Quarter of a year blogging! Hooray!!
OK, time for a personal whinge :-(
The last week has been a frustrating week in many ways, but the most frustrating of all has been the ‘negotiations’ I have had in discussion about my academic study program.
Supposedly in a Doctor of Science Education Program with a technology focus through Curtin University, I have come to the conclusion that unless I can find an academic environment that reflects the changing learning landscape of kids today I am totally wasting my time seeking to learn more about learning landscapes via an academic study program.
Really nice folks at the uni – don’t get me wrong – but just NOT giving me the learning extension that I need.
Here is an example – the reader for Learning Environements, which I must read (ok, I can do that) but which I also have to demonstrate that I understand (!) contains 16 papers, all from the 90s, and one only from 2001. Now you and I know that this represents Web 1.0 generation of thinkers. Even if they are ‘cool constructivist thinkers’, they are talking about a learning environment and learning landscape that is rapidly becoming irrelevant. While it is important to ground current research and learning in past knowledge and research – I do not have this option.
“You can add a bit on about Web 2.0 if you like, but do not make it the main thrust of your paper. You must demonstrate that you understand our philosophy”
Despite the fact that a previous module run by Peter Taylor extended my thinking on constructivism in marvelous ways, this time around I feel that being forced to operate in the constraints of the concepts presented in our Reader is really a great example of ‘enculturation’ and not at all about border crossing into Web 2.0 in theory and practice.

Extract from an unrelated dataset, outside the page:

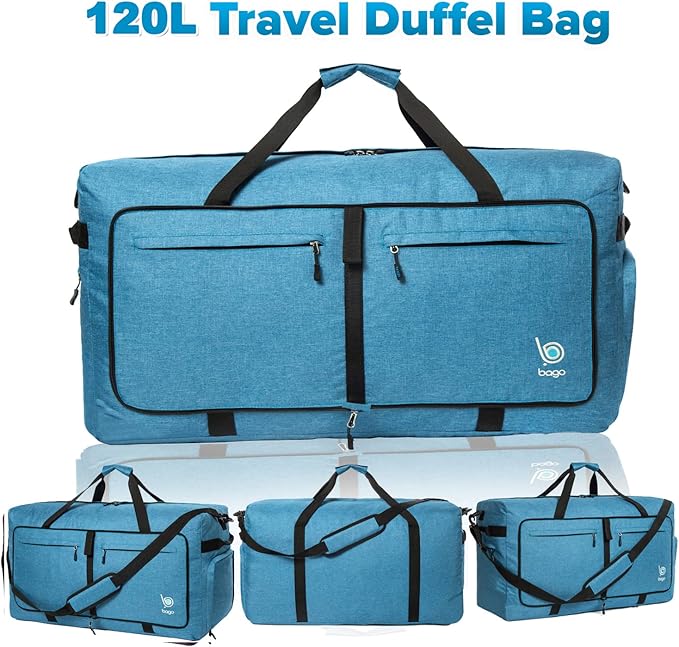 Bago Large Foldable Duffel Bags for Traveling Women & Men - 100L Packable Duffle Bag for Travel with Shoe Compartment - Water Repellant, Heavy Duty, Lightweight Folding & Collapsible (SnowBlue)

I suggest that practitioners in the field who are blogging and sharing their experiences through books, presentations, seminars, podcasts etc are teaching much more about what is possible than this academic approach to readers and stale research processes allows.

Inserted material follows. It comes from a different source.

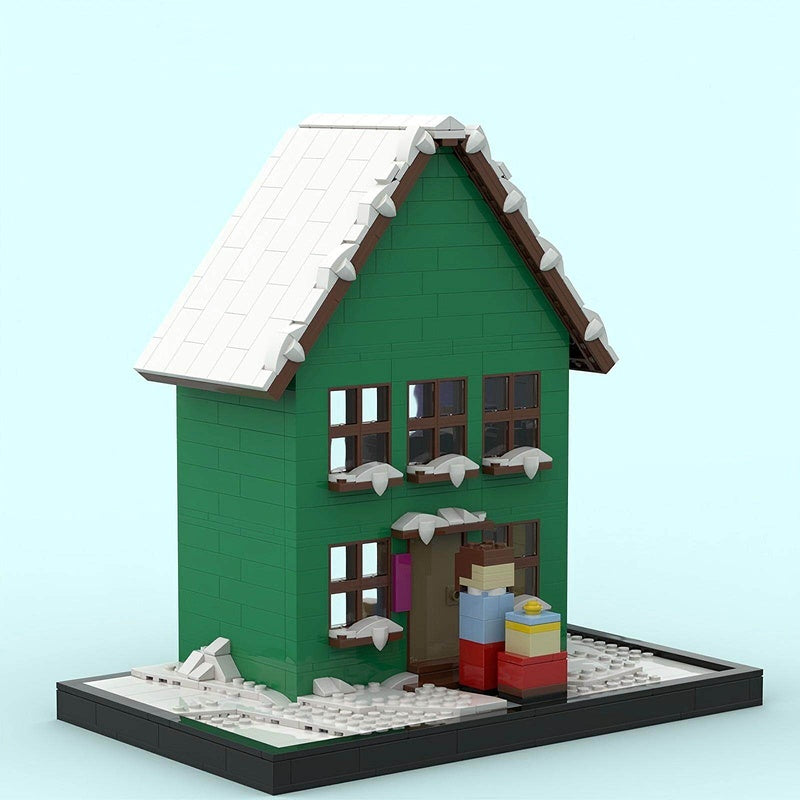 Animated Suburban Cartoon House Diorama Building Kit | LEGO-Compatible MOC - 4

Practitioners such as Stephen Downes, Will Richardson, Doug Johnson, Stephen Abram, Michael Stephens, John Connell, Leigh Blackall, Ewen McIntosh, and Alan November are engaging with the learning needed in new environements, gathering me up in the learning as they go – something my current academic program does not do.
I suggest that attending events like The Global Summit will also help me along in my learning. I suggest that opportunities to interact with global colleagues like the event at TeachMeet06 will give me learning opportunities that no analysis of a “reader” would ever manage. How sad that I have to ‘regurgitate’ to prove that I understand.
What I have learned and continue to learn through social networking, Web 2.0 and peer to peer discussions is far superior to my current academic offerings.
My students and my schools are the priority. It is vital to innovate, have fun, and learn all at the same time…..so unless I can actively research SecondLife, or an aspect of Web 2.0 in 2007 …… that’s it to my current academic institution.
I want to thank all the wonderful people who have contributed to my professional learning – fantastic stuff for this teacher as learner.